An Oncoming Train?

My quality of life finally improved—now, my terror had direction.

A hurricane slammed into me towards the end of March 2007 when I suffered acute brain bleeds. One day I was fine, and the next—seizures one after the other after the other, indescribable headaches, no balance to speak of, doctors' appointments, physical therapy, hospitalizations. The bloody brain assaulted me from all directions. I had no idea what would strike me next and where it would come from.

And at the beginning of May, the storm abated, leaving piles of debris behind. No new bleeds, no more hospitalizations, no new scary symptoms. But I couldn't drive, I couldn't teach or dragon boat, and worst of all, I couldn't be the mother I wanted to be. My headaches weren't quite as crippling, nor as frequent, but they were still there. My balance was better, but still prevented me from walking unaided.

Standedge Tunnelwww.geograph.org.uk

Standedge Tunnelwww.geograph.org.uk

Instead of living from within a fog, I now benefited from a couple of hours of lucidity a day--I became able to think rationally about how to prevent another onslaught.
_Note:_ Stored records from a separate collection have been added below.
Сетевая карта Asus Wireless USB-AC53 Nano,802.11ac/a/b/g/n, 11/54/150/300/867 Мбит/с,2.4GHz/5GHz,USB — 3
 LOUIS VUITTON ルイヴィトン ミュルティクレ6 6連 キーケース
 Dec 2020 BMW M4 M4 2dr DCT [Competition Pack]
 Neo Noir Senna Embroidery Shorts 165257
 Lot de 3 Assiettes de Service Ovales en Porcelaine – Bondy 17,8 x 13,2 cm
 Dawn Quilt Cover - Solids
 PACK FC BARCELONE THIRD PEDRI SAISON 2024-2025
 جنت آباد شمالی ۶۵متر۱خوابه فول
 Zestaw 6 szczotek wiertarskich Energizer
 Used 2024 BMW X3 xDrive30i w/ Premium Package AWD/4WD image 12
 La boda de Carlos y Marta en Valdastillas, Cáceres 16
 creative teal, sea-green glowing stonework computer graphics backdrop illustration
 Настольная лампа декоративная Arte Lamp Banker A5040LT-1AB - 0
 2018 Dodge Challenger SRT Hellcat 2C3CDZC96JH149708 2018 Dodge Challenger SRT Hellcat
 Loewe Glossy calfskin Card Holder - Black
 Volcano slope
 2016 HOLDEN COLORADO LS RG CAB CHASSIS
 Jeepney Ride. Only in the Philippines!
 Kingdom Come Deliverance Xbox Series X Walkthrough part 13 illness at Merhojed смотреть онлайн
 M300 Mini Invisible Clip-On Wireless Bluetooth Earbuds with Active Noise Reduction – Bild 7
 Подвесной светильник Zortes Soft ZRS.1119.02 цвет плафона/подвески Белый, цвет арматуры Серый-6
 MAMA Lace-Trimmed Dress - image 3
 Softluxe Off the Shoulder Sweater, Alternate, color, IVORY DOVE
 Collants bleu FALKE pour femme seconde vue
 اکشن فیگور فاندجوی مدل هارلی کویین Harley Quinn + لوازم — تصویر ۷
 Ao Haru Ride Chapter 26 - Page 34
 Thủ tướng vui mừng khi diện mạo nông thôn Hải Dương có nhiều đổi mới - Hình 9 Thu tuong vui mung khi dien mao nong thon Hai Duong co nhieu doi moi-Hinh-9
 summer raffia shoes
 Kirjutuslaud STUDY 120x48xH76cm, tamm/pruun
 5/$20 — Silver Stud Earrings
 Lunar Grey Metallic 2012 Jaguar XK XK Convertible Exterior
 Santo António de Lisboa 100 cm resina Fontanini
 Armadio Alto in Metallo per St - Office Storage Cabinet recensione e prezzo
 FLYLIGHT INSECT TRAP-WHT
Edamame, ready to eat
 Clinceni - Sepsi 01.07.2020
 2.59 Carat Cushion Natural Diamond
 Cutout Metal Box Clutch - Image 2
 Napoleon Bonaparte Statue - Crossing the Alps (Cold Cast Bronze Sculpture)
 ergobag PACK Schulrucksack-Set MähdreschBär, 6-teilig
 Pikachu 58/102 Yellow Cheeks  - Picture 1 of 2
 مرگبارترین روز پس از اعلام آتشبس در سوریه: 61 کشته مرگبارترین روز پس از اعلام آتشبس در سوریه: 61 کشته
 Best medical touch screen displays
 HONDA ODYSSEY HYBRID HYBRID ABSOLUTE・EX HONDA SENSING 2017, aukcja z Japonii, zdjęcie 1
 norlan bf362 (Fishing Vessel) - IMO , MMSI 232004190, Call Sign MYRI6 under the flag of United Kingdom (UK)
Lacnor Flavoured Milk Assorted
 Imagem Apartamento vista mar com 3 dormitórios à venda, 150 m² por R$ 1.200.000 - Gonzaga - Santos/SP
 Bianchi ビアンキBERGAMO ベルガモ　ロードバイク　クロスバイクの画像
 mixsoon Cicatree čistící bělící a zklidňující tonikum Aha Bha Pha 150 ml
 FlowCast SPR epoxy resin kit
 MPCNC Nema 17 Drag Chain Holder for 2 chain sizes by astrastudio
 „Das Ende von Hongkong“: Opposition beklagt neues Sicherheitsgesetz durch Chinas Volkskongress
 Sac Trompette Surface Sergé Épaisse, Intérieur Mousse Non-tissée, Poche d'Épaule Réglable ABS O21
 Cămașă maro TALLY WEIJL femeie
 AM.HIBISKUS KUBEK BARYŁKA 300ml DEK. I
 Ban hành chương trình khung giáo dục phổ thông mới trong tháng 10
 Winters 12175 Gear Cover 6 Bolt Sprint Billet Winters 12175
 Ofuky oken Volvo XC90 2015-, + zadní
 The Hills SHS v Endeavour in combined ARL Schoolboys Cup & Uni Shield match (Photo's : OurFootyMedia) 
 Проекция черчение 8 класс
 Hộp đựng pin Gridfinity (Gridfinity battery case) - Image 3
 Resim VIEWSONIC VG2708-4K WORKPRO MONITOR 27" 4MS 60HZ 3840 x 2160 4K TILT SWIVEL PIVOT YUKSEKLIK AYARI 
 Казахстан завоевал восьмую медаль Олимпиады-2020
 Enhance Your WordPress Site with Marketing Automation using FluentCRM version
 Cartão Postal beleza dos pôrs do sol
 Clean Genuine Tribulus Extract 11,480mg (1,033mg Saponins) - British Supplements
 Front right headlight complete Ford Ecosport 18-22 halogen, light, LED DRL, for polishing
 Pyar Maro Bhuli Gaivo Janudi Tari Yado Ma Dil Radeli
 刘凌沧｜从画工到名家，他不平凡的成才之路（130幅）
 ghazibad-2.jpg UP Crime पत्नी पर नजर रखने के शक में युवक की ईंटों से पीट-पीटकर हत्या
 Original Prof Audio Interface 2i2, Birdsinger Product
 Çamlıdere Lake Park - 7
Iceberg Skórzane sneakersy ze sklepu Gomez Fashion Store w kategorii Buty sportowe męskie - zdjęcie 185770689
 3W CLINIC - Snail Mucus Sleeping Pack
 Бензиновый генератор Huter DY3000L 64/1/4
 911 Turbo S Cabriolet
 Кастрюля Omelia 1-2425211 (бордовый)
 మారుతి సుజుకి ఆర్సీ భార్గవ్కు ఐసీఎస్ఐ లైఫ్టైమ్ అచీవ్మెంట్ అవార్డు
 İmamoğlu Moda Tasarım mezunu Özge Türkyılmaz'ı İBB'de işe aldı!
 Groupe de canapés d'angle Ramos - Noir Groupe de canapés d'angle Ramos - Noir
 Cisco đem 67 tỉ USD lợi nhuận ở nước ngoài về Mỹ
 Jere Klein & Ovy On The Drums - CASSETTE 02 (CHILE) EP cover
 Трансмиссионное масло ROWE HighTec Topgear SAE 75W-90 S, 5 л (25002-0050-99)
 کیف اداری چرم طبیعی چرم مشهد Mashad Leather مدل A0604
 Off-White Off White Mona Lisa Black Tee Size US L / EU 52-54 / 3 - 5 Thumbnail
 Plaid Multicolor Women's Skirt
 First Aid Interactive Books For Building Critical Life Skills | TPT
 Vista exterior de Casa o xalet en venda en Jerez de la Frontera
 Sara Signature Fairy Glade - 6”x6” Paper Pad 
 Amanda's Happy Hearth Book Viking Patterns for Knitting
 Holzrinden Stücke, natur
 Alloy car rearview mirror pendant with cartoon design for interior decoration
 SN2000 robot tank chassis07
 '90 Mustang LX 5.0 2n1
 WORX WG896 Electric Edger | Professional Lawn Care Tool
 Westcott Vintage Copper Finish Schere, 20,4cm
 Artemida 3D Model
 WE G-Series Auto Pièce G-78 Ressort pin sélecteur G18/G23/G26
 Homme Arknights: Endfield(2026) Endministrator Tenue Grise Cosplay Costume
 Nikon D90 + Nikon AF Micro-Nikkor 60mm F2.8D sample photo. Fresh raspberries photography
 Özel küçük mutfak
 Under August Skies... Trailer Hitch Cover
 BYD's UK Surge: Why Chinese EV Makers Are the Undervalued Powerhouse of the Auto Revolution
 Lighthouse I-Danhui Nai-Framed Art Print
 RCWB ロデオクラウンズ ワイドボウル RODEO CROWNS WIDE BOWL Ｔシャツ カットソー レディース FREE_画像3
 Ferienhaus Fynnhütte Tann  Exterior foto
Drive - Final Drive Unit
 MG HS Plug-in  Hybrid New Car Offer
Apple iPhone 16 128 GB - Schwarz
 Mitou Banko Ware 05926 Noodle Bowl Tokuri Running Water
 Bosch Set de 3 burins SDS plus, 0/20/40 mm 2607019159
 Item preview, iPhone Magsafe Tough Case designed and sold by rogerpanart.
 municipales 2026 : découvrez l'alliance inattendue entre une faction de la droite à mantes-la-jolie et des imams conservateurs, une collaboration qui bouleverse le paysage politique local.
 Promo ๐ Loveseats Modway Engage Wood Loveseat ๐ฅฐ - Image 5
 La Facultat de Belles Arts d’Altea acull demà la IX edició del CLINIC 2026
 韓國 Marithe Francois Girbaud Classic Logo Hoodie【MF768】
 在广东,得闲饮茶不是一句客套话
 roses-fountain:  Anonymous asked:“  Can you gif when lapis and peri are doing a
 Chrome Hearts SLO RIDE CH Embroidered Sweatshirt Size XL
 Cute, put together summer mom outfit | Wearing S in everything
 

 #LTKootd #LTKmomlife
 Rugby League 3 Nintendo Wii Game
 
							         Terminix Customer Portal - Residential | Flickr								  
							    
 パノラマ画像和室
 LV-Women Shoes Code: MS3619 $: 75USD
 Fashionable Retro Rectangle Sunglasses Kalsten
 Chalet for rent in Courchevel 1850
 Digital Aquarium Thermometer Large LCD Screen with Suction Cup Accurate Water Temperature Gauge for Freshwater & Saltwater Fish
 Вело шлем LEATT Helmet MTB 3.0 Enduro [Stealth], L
There was only one treatment for cavernous angiomas, the tangles of malformed blood vessels that caused the bleeds—I decided to undergo brain surgery to remove them. And once more the terror engulfed me.

Except that now, I knew exactly where the source of my fear lay—I had a direction to veer away from, a place to hide. Now, I could work to distract myself from thinking about the up coming surgeries in August 2007.

Before, not only was there no light at the end of the tunnel, but there was no tunnel. Now, not only was there a tunnel, but there was a light at the end of it. I could only hope it wasn't an oncoming train.